Studies on human subjects are rare — in part because most
modern universities would never consent to them — but in 1951
researchers at McGill University paid a group of male graduate
students to stay in small chambers equipped with only a bed for an
experiment on sensory deprivation. They could leave to use the
bathroom, but that’s all. They wore goggles and earphones to limit
their sense of sight and hearing, and gloves to limit their sense of
touch. The plan was to observe students for six weeks, but not one
lasted more than seven days. Nearly every student lost the ability “to
think clearly about anything for any length of time,” while several
others began to suffer hallucinations. “One man could see nothing but
dogs,” wrote one of the study’s collaborators, “another nothing but
eyeglasses of various types, and so on.”
While this study is problematic due to questions about the ethics of McGill researchers at the time, it is widely cited. Other studies about social isolation (solitary confinement) with or without sensory deprivation (in both humans and animals) come to similar conclusions about mental state (though not necessarily hallucinations).
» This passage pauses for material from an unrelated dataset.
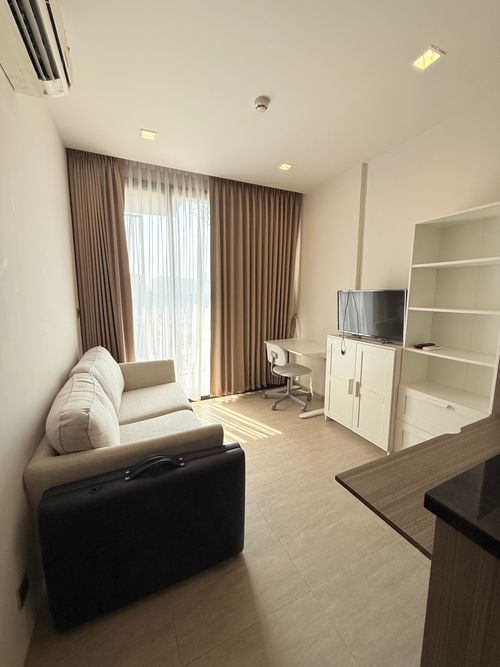 ♻️ For Rent ปล่อยเช่า  Mori Haus (โมริ เฮาส์) Add Line 🆔 : @glorious1 โทร 099 498 2461 Golf (กอล์ฟ)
This wasn't being trapped underground, but it seems like a reasonable approximation. The difference is that the graduate students knew they were safe and getting out. Your character doesn't know if he'll ever be rescued and is likely to just give up after a while.
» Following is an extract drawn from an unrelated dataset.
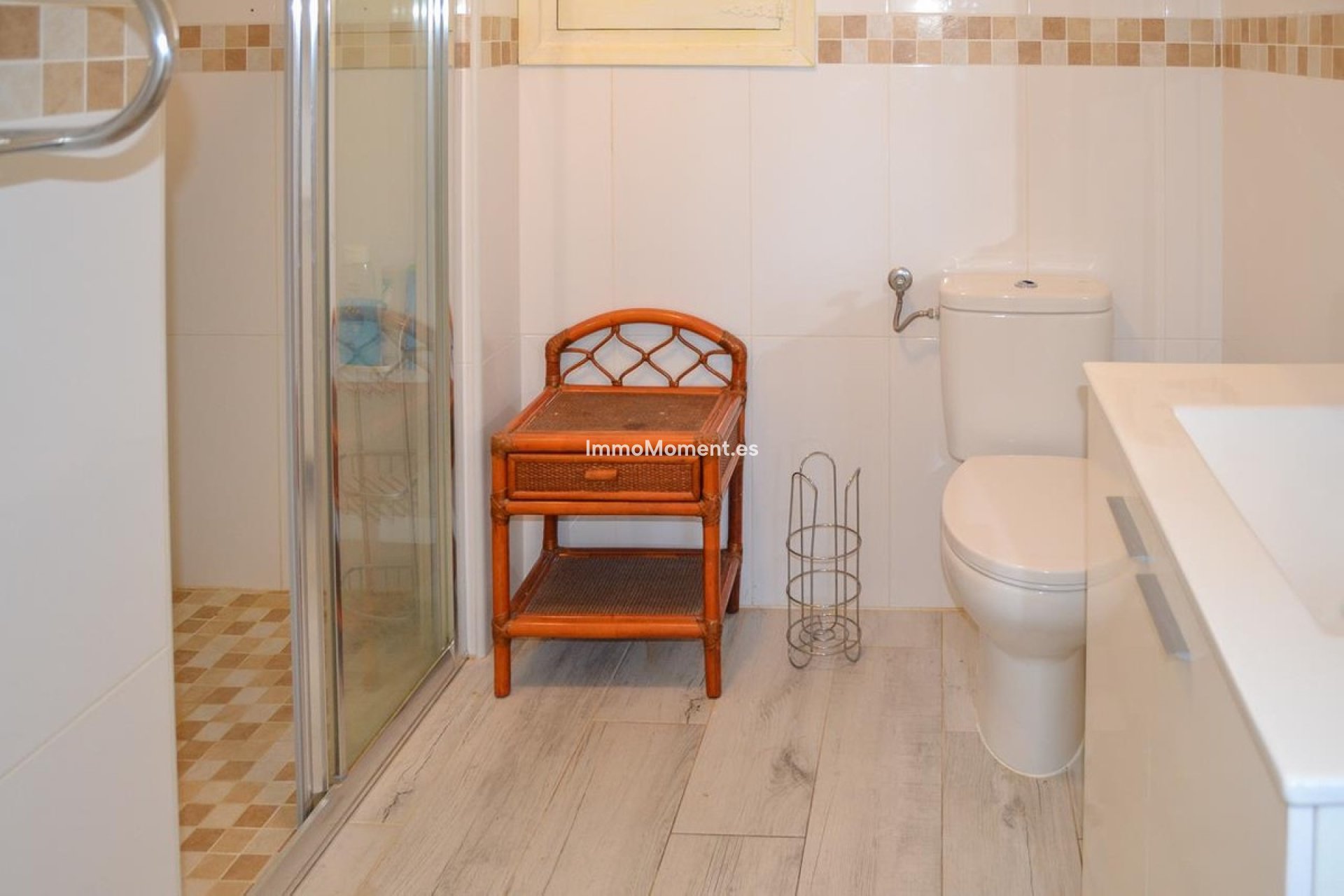 Resale - Detached villa - Pedreguer - Pedreguer Centro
Now, if your character were trapped with a group of people, the answer is months. A group of Chilean miners were trapped underground for 2 months, with the first part of that being without anyone knowing if they were alive and without any evidence they might be rescued. After that they had communication with the outside world and a conduit for food and supplies, though only a small hope of a successful rescue. After their amazing rescue (every one of them survived), they had psychological issues, but not insurmountable ones.
In another case, a man who was trapped underwater for 3 days but survived continues to have nightmares and has vowed never to return to the ocean. He was in a shipwreck and was rescued by divers working to recover bodies from the wreck. He had no contact with other people, no realistic hope of rescue, no light (after his flashlights died), almost no food or water (just a soda), and horrible conditions.
Being alone, being in the dark, not knowing if rescue is possible, those are all things that worsen the effect on the mind.